Davacı kardeşler ... ve ... kazalı sigortalı ile annelerinin ayrı olması şahsi münasebetin çok zayıf olduğunu, aralarındaki manevi bağların koptuğu ya da zayıf olduğu şeklinde kabul edilemez. 26.06.1966 günlü ve 7/7 sayılı Yargıtay İçtihadı Birleştirme Kararı’nın gerekçesinde takdir olunacak manevi tazminatın tutarını etkileyecek özel hal ve şartlar da açıkça gösterilmiştir.

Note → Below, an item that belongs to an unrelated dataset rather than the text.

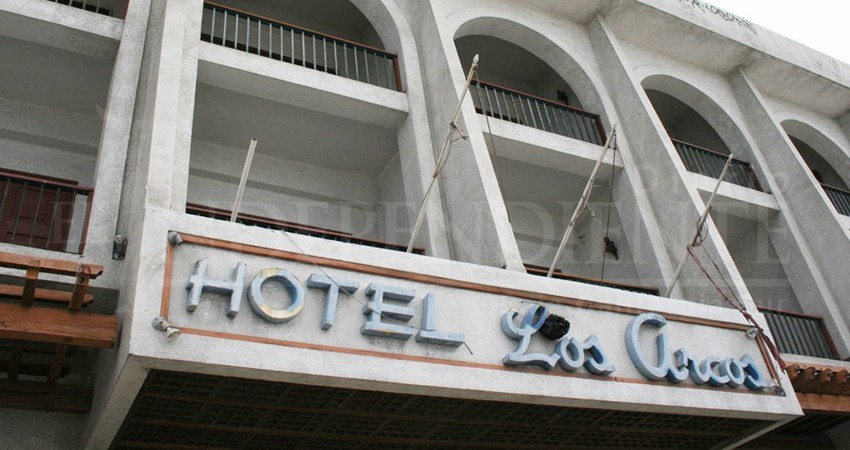 Poder Judicial ha retrasado remate del Hotel Los Arcos, acusan trabajadores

Bunlar her olaya göre değişebileceğinden hakim bu konuda takdir hakkını kullanırken ona etkili olan nedenleri de karar yerinde objektif ölçülere göre isabetli bir biçimde göstermelidir.
Hakimin bu takdir hakkını kullanırken, ülkenin ekonomik koşulları tarafların sosyal ve ekonomik durumları paranın satın alma gücü, tarafların kusur durumu olayın ağırlığı davacının sürekli iş göremezlik oranı, işçinin yaşı, olay tarihi gibi özellikleri göz önünde tutması, hükmedilecek tutarın manevi tatmin duygusu yanında caydırıcılık uyandıran oranda olması gerektiği de söz götürmez.
Bu ilkeler gözetildiğinde davacılar yararına hükmedilen 20.000,00 TL ile 15.000,00 TL manevi tazminat tutarları fazladır.
Mahkemece bu maddi ve hukuki olgular nazara alınmaksızın manevi tazminatların fazla takdir edilmesi ve kardeşler arasında ayrım yapılarak yazılı şekilde karar verilmesi usul ve yasaya aykırı olup bozma nedenidir.
O halde, temyiz eden taraf vekillerinin bu yönleri amaçlayan temyiz itirazları kabul edilmeli ve hüküm bozulmalıdır.
SONUÇ: 1- ... Bölge Adliye Mahkemesi 8. Hukuk Dairesi"nin 13.02.2017 Tarih 2017/116 Esas 2017/232 Karar sayılı kararının yukarıda açıklanan nedenlerle KALDIRILMASINA,
2- Hükmün yukarıda açıklanan nedenlerle BOZULMASINA, dosyanın ilk derece Mahkemesine, kararın bir örneğinin de Bölge Adliye Mahkemesine gönderilmesine, temyiz harcının istek halinde temyiz eden davacılar ile davalılara iadesine, fazla alınan temyiz harcının istek halinde fer"i müdahile iadesine, 13.07.2017 gününde oybirliğiyle karar verildi.